Reality bites, as the saying goes. And for oh-so-much of adulthood, that’s true. But when it comes to parenting? Reality rocks.
No, not the endless, sleepless nights. Or the teething. Or the projectile vomit at the most inopportune moments. Or—well, I could go on, but every parent on the planet knows the rest of that list all too well.
No, reality rocks when you’re trying to pull off a successful family vacation with the kids. It was definitely the key to enjoying Disney World with my 3-year-old last week, I’ll tell you that. By being realistic about his limits and tempering my expectations, I avoided a lot of heartache, tears and tantrums—for him and for me.
So here are my 7 golden rules for navigating your way through a day at the happiest place on Earth—and any other big family vacation—without losing your mind.

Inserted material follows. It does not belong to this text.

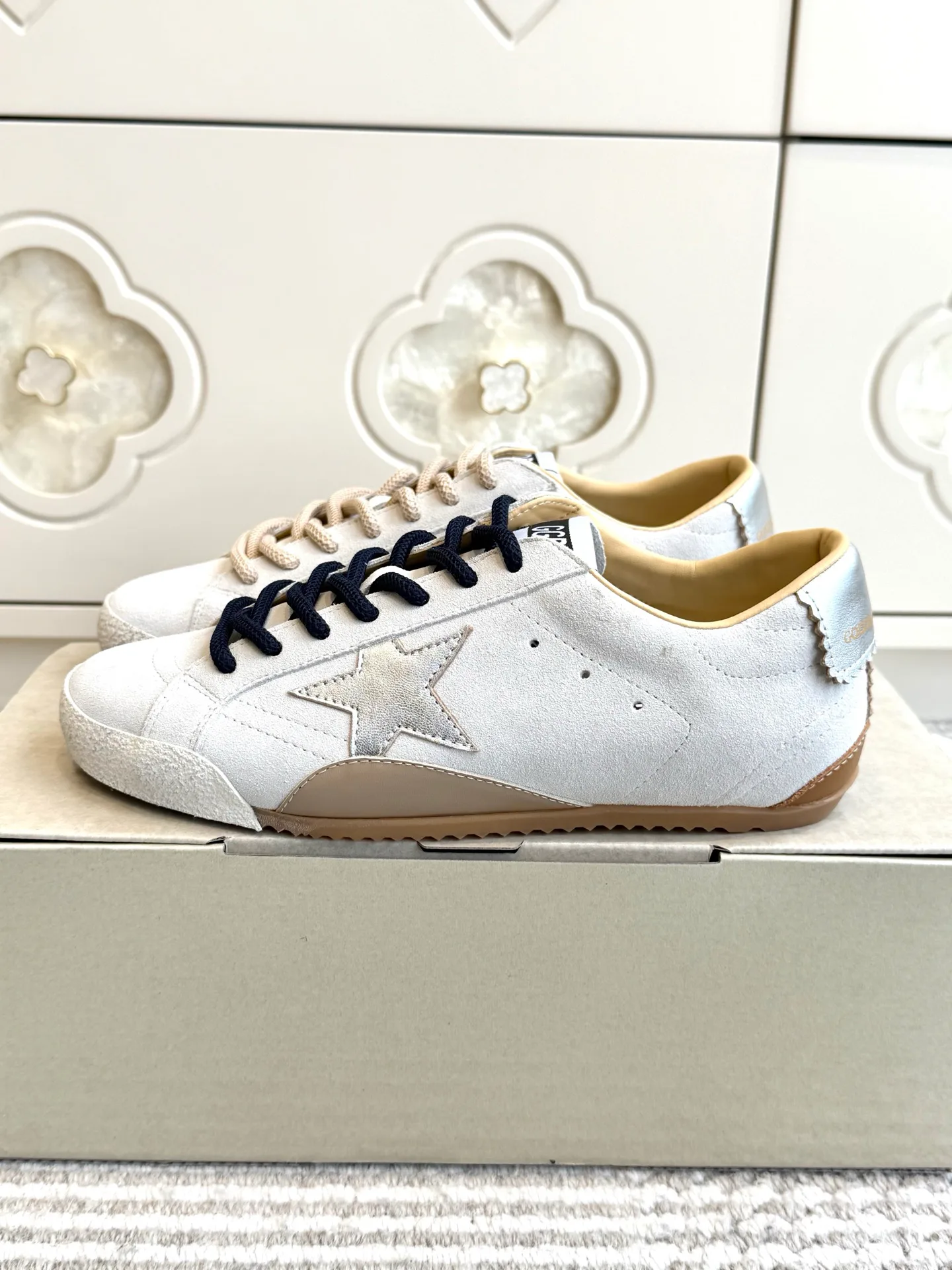 Кроссовки Женские Golden Goose 18360511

Get an early start. Even if you’re not a morning person, when planning a big day out, it’s wise to wake up bright and early, suck it up and suck down 10 gallons of caffeine. (Conservative estimate.) At Disney, the lines are shorter in the morning and it’s not as oppressively hot. But more important and no matter where you are, kids tend to be much more alert, interested and happy in the morning and when they’re not pushed past the point of exhaustion. Once nap time—or former nap time, as the case may be—hits, things can go downhill quickly.
Always keep your bag stocked with two snacks and one drink. I am totally jealous of those moms whose bags are prepared for War Games–style thermonuclear toddler war. Sadly, that is just not me. But even I can swing packing two snacks (say, a granola bar and raisins) and some water. Even the most minimal snack preparation can ward off potentially disastrous moments until lunchtime. And if your kid isn’t starving, there’s less of a chance that he’ll scream for ice cream and other sugary treats that you don’t want him to have.

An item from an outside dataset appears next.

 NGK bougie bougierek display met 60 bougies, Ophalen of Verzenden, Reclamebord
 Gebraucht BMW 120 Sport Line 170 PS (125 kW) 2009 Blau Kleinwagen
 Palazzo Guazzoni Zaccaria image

Listen to your kid. I won’t lie: I like to plan, and I like my lists. So sometimes I have to remind myself that even if I’ve planned the perfect day for us, it might not be the perfect day for him. Going with the flow will make for a much happier, more enthusiastic little traveler—even if we have go on the Dumbo ride three times in a row.
Turn transitions into games. Don’t get me wrong: I’m way too Type-A to throw my list completely out the window. But if you can motivate your kid to move on to the next thing in a fun way instead of an authoritarian one—i.e., suggesting an impromptu scavenger hunt to find different-sized rocks or asking him to help you "read" a map instead of saying, “We’re going there now because I said so”—you’ll still get your way in the end.
Know when it’s quitting time. Since we were arriving at the Disney parks just before they opened at 9 each day, I suspected that 2-ish would be our limit for fun. That gave us 5 hours of lines and rides…in the heat…with the overexcitement that comes with a major amusement park…after being out late the night before…and not getting anywhere near enough sleep. Sure, I pushed it a little on some days, but I kept my eyes peeled for the signs of potential disaster. See below.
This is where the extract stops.